◆ WORK REQUEST ◆
Please reproduce the lines of the records below from the one holding "Mettre en oeuvre" through the one holding "川普爆從沒有說過保衛台灣 陸反壟斷調查對美國下戰帖?【新聞大白話】 20241210", inclusive, skipping all pictures.

◆ TASK DATA ◆
▶
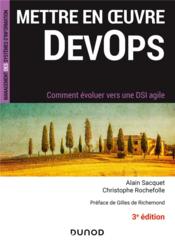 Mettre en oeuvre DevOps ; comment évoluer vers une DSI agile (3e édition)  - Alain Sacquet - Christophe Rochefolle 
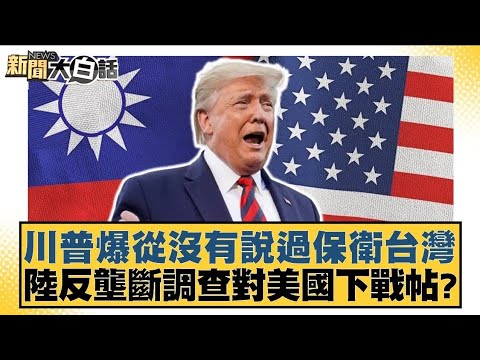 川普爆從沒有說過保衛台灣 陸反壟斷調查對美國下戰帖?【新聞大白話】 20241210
◀
▶
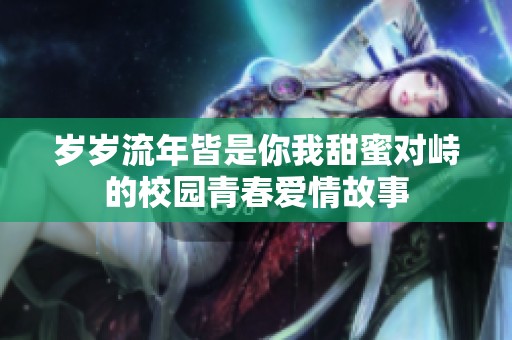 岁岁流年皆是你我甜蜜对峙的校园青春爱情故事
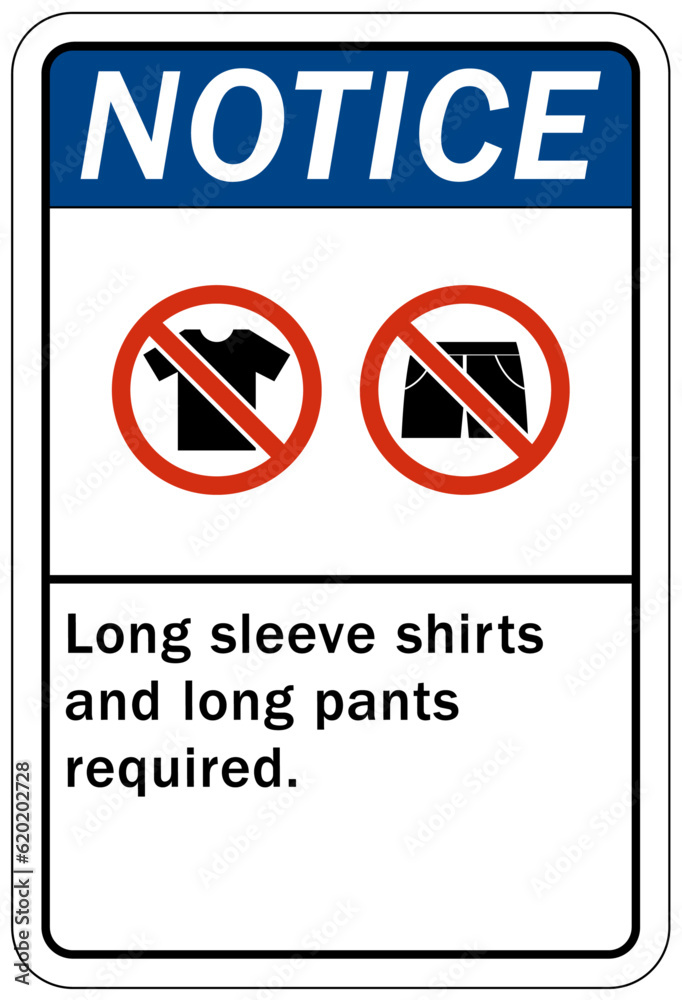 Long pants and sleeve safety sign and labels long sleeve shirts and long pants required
◀
◆ WRITTEN SOLUTION ◆
 Mettre en oeuvre DevOps ; comment évoluer vers une DSI agile (3e édition)  - Alain Sacquet - Christophe Rochefolle 
 川普爆從沒有說過保衛台灣 陸反壟斷調查對美國下戰帖?【新聞大白話】 20241210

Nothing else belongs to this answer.